I hadn’t realized just how important graphic-processing units (GPU), graphic chips, have become over the last few years in the cloud. Today, almost all cloud services offer GPUs for demanding users.
When I think about services in the cloud, I think about storage and file-sharing, infrastructure as a service; cloud-based applications such as Office 365 and Gmail, software as a service; or building applications on the cloud, platform as a service. But GPUs? On the cloud? Supercomputers? Sure, many of the fastest supercomputers now rely on GPUs, but clouds?
Well, after looking into it, it turns out there are many useful, advanced applications that run better on clouds enriched with GPUs. Most of the most important public clouds, including Google Compute, Microsoft Azure, IBM Cloud, and Amazon Web Services (AWS) offer GPU-enabled instances. Almost all clouds are using NVIDIA Tesla GPUs.
NVIDIA, while the market leader, doesn’t totally dominate the market. AMD Radeon Sky Series graphics cards are used to accelerate graphics in cloud-based games and AMD FirePro S7150x2 Server GPUs for graphic applications.
It turns out, although I didn’t know it, NVIDIA had moved its sights from video-gaming and supercomputing to the cloud back in 2012. Then, its goals were to use its GPUs’ fast streaming and virtualization capabilities to “accelerate cloud computing.”
Fast forward to 2017 and NVIDIA has announced its own cloud: the NVIDIA GPU Cloud. This offering focuses on NVIDIA-optimized deep learning software and High-Performance Computing applications. This cloud relies not on NVIDIA’s hardware—except for specialized access to the NVIDIA Saturn V supercomputer—but on AWS and Azure-based hardware. This means NVIDIA’s GPU Cloud is more of a channel and demand aggregator for its partners’ cloud services.

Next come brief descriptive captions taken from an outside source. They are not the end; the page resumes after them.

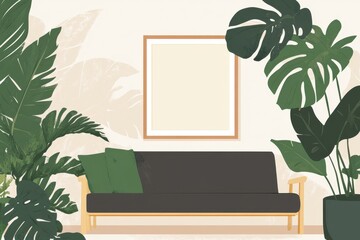 Cozy Living Room with Sofa Surrounded by Lush Green Plants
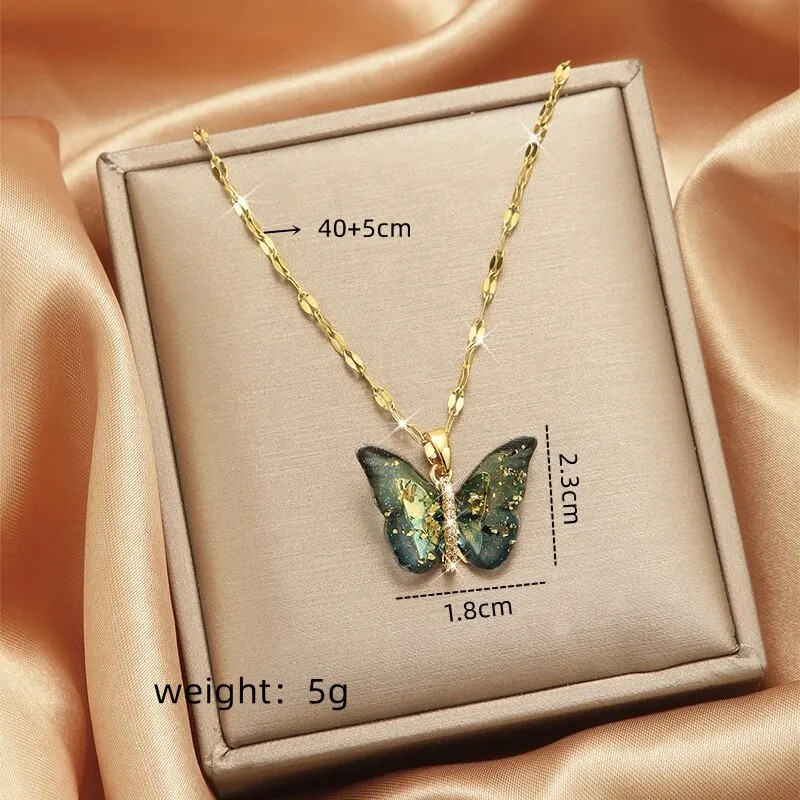 1pcs Gold Butterfly Series Copper Encrusted Zircon Pendant Titanium Steel Chain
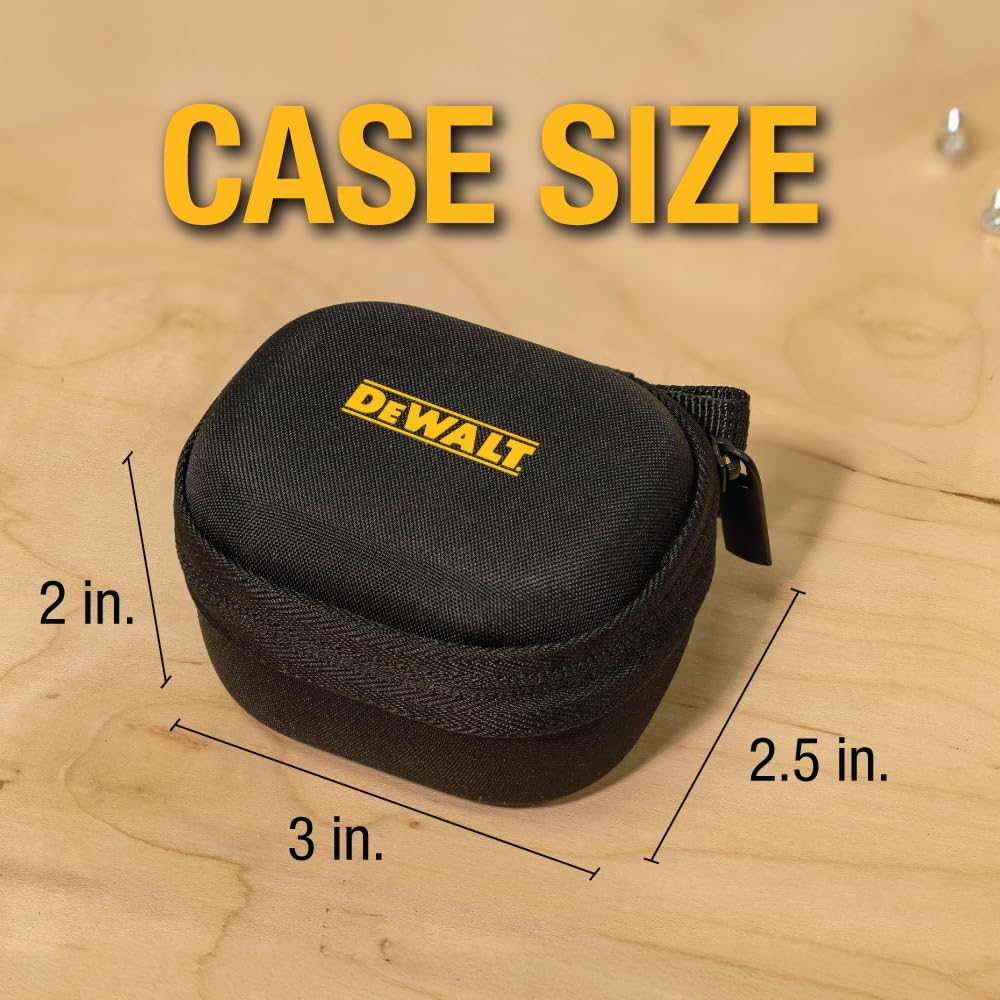 DEWALT Heavy Duty Protective Headphone Case for TWS Earbuds & Wearable Speaker, Compact Lightweight w/EVA Headphone Case Hard Shell, Shockproof, Water-Resistant, Soft Interior & Accessory Mesh Pocket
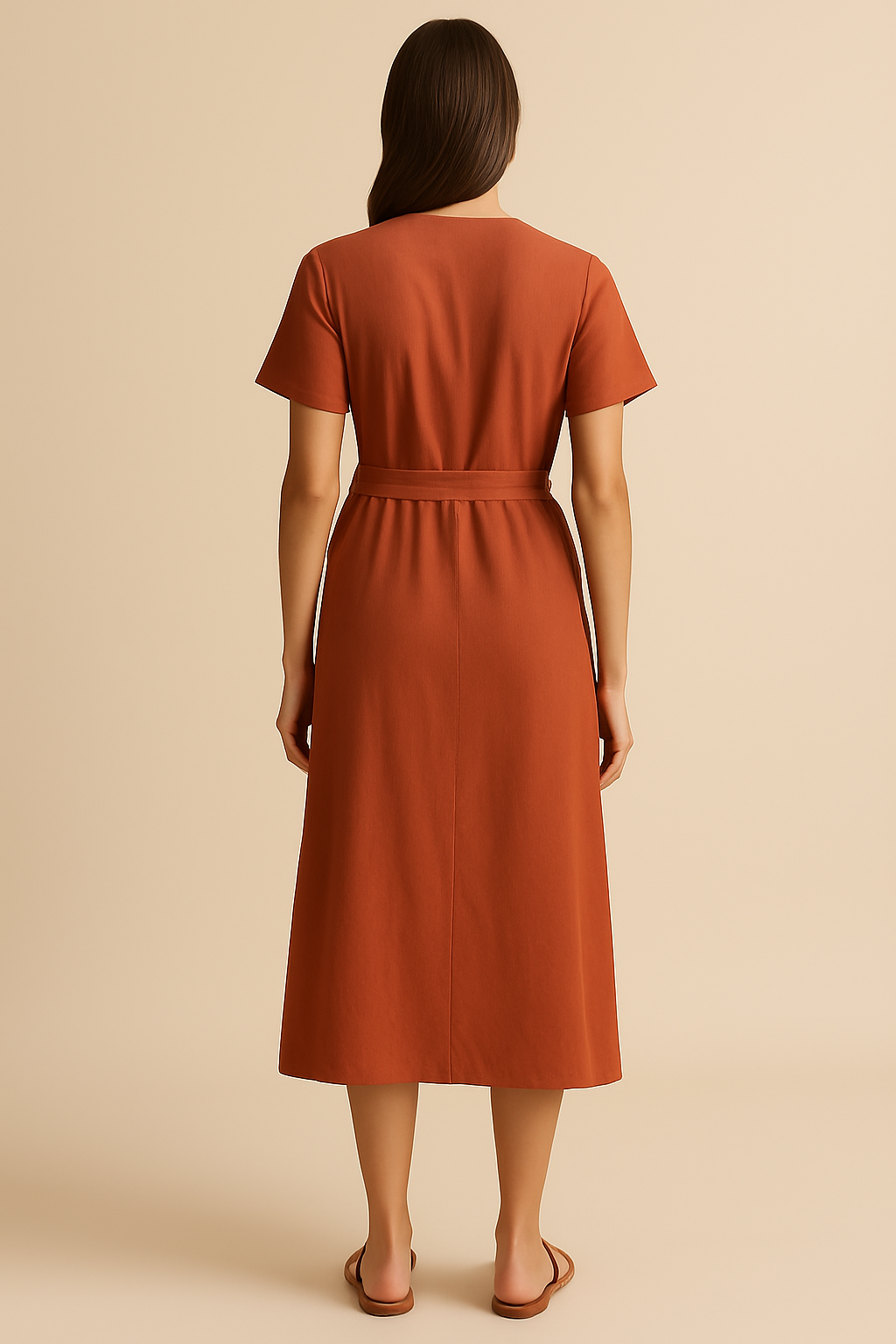 Marlowe Wrap Midi Dress in Terracotta - Image 2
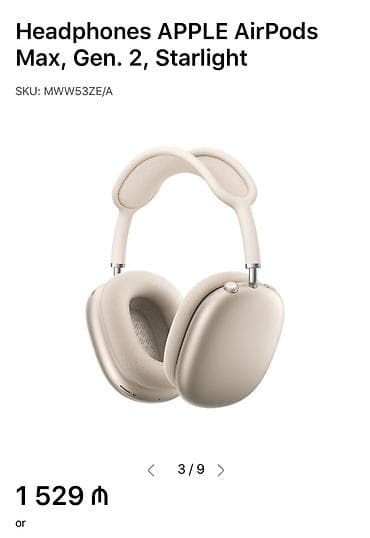 kalonkalar mahnı: APPLE AirPods Max, Gen 2, Starlight (SKU: MWW53ZE/A) - Rəng — 4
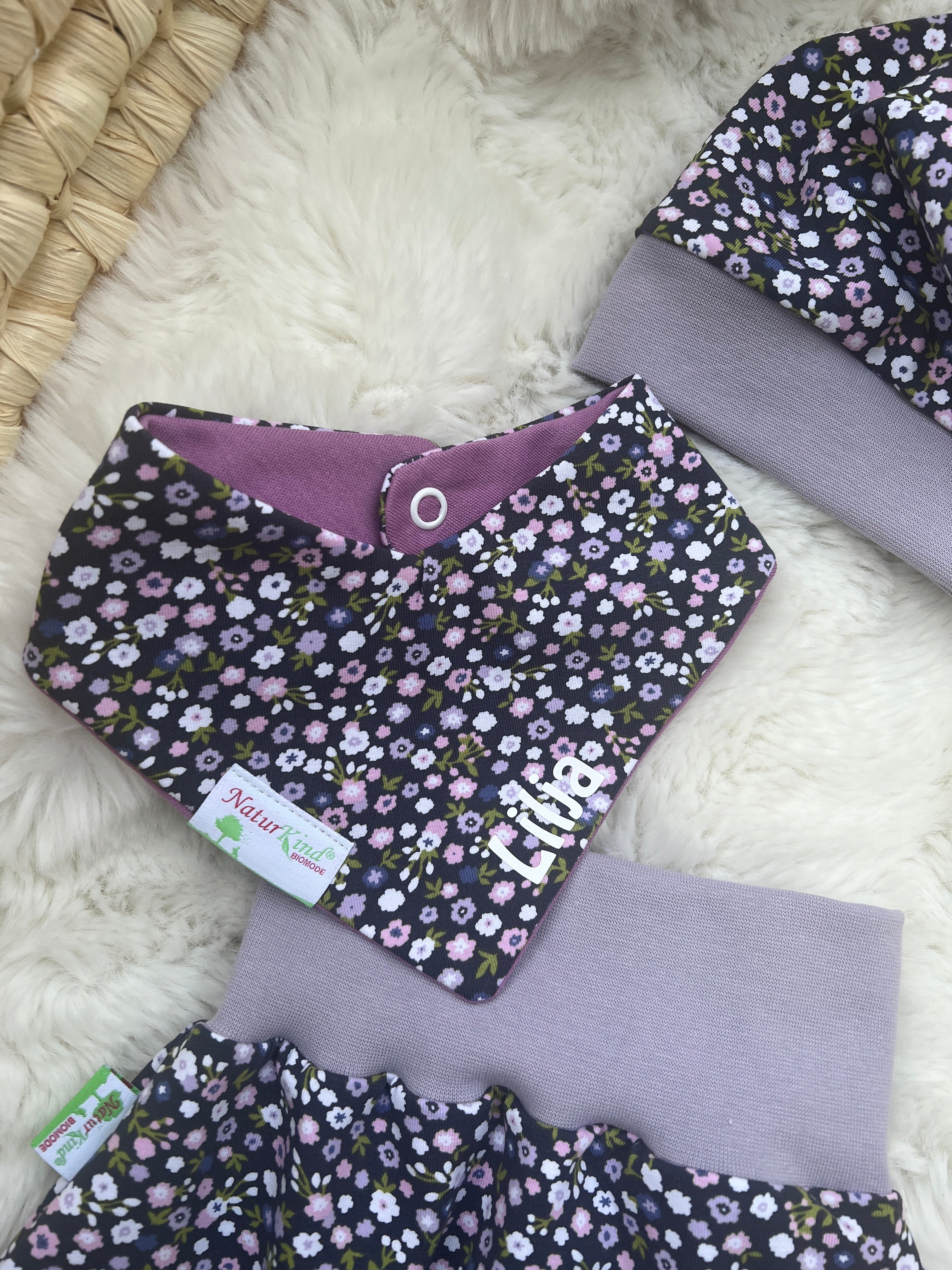 MitwachsSet für Babys - Lila Streublumen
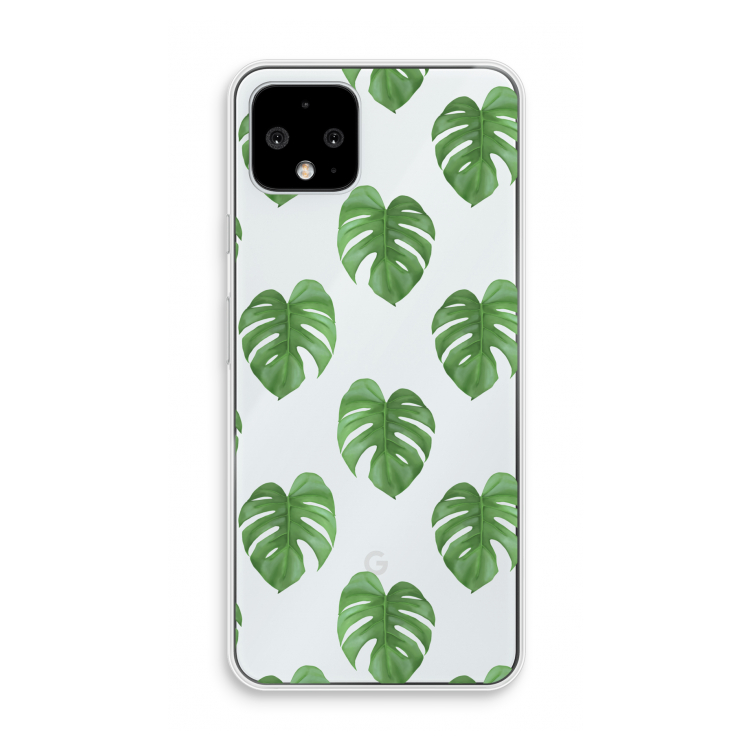 Monstera leaves: Pixel 4 Transparant Hoesje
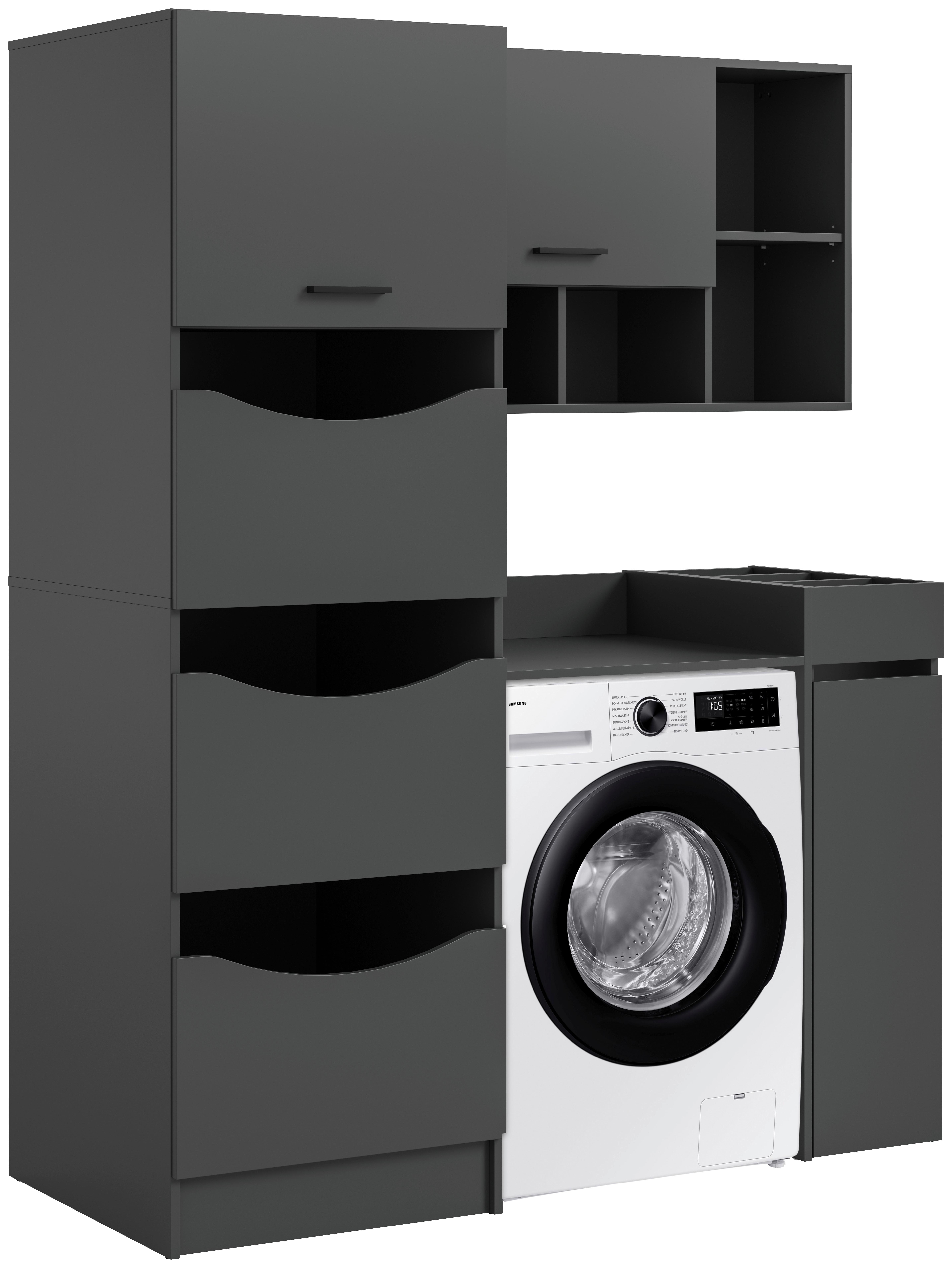 Omara Za Pralni Stroj Free, Antracit - antracit, Basics, leseni material (126/195/68cm) - MID.YOU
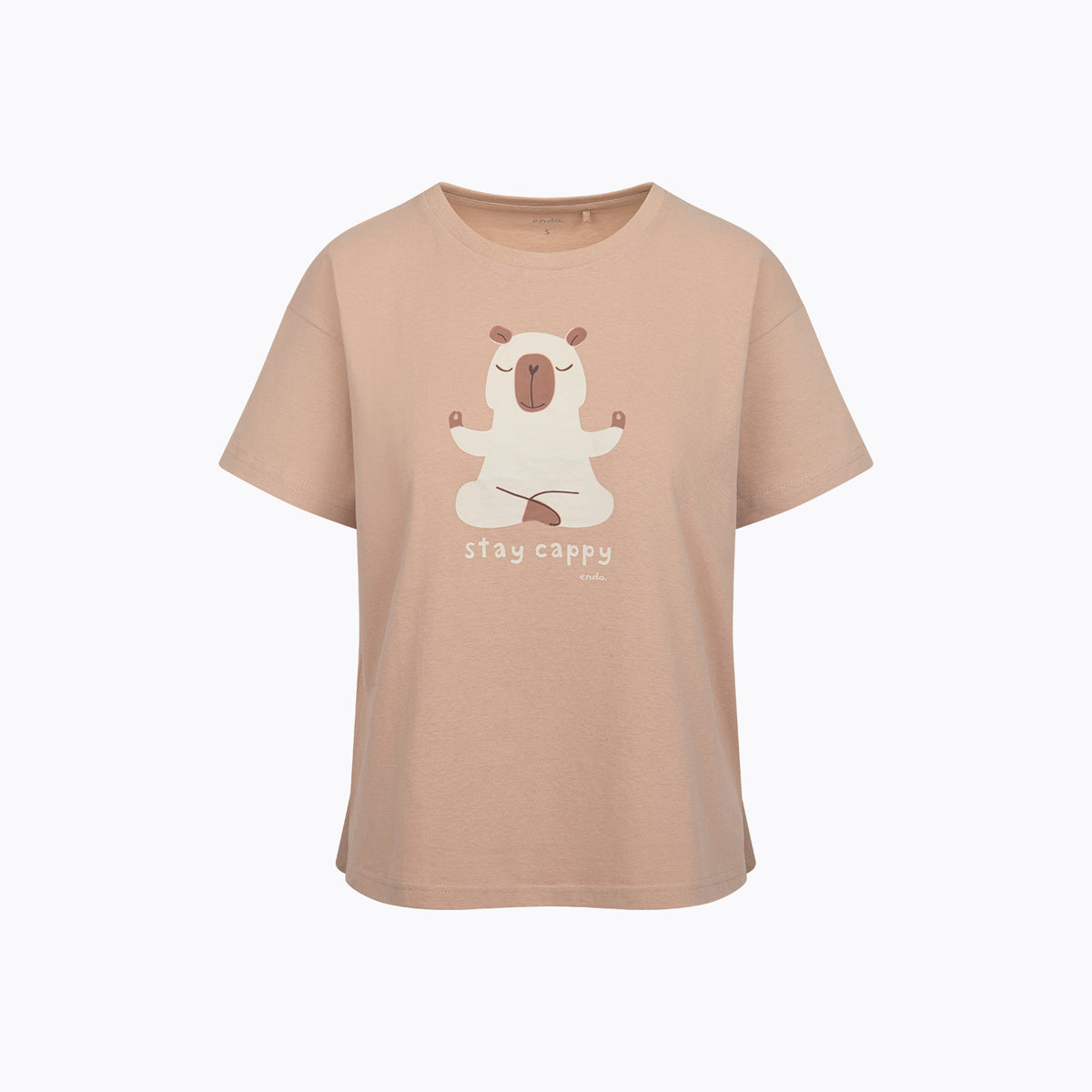 Damski t-shirt z krótkim rękawem, beżowy z kapibarą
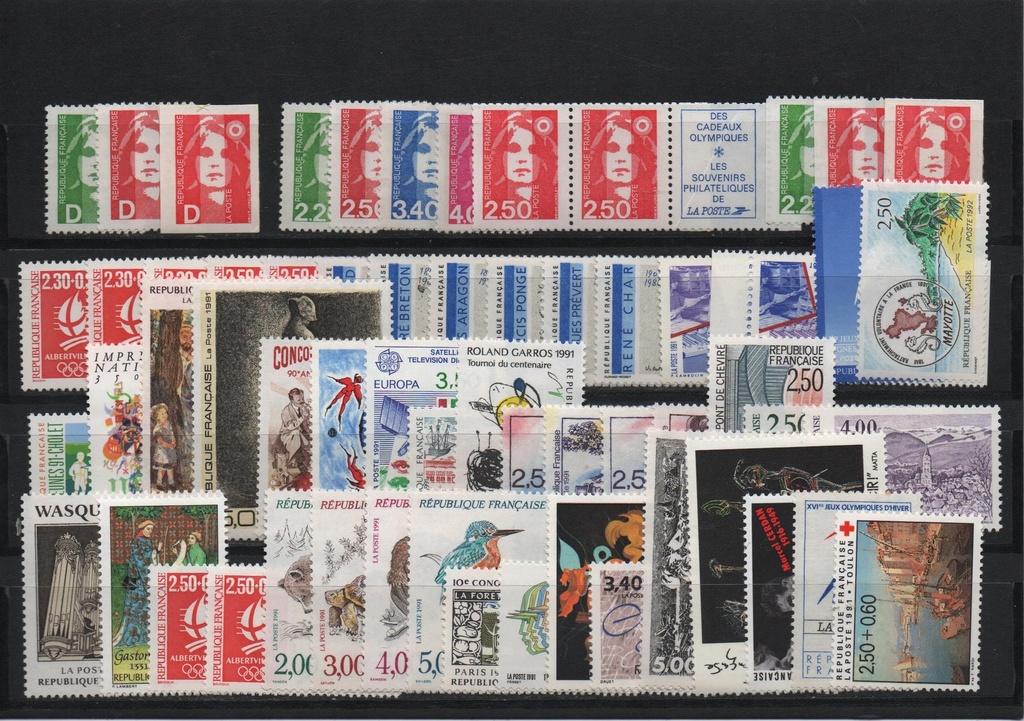 AÑO 1991 COMPLETO SELLOS FRANCIA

Along the way, cloud GPUs has created its own niches. The first important use was for remote desktops such as MyGDaaS, a remote desktop for high-end graphic users, and the Citrix XenDesktop for more general purpose end-user computing.
That proved to be just the tip of the iceberg. Now GPU-enabled clouds are used for a multitude of other purposes. These include machine learning training and inference, geophysical data processing, simulation, seismic analysis, molecular modeling, financial analysis and other high-performance compute (HPC) use cases.
For example, Aon Benfield Securities, a provider of risk management, insurance and reinsurance brokerage, uses GPUs to speed up its risk analysis scenarios using its in-house PathWise financial modeling program. The company found they could do their work faster and more affordably using GPUs on an AWS cloud. Specifically, by using AWS’s pay-as-you-go pricing, the business could spin up multiple GPUs quickly and inexpensively, so it moved its infrastructure to AWS and deprecated its co-located data center. “We realized that by using AWS, we could have a whole turnkey environment up and running in no time,” says Peter Phillips, ABS Managing Director.
Google Compute, on the other hand, uses GPU-enabled clouds to power its Google Cloud Machine Learning Engine (GCMLE). This uses the same TensorFlow framework that powers many Google products, from Google Photos to Google Cloud Speech. TensorFlow is a widely used open-source machine intelligence software library. GCMLE can take any TensorFlow model and perform large scale training on a managed cluster. Additionally, it can also manage the trained models for large scale online and batch predictions. Once useful, the trained model can pull data from Google Cloud Dataflow for pre-processing. This enables you to access data from Google Cloud Storage, Google BigQuery, and others data sources. These models can be deployed anywhere on the Google Cloud.
TensorFlow can, in turn, be sped up by using it with NIVIDA’s TensorRT. This is a high-performance, deep-learning inference optimizer and runtime that delivers low latency, high-throughput inference for deep learning applications. It can be used to rapidly optimize, validate, and deploy trained neural networks for inference to hyperscale data centers, embedded, or automotive product platforms.
In short, anywhere you need HPC, you can turn to your cloud of choice now, and look for the right combination of processing speed and capabilities.
Fair warning: It wont’ be cheap. You’ll need to optimize your programs to take advantage of GPU parallel processing and GPU cloud time is expensive. For example, adding a single NVIDIA Tesla P40 GPU to six vCPUs and 128MBs of RAM will likely cost you over $1,500 a month to start.
On the other hand, if you can make proper use of GPU processing, it’s well worth the money.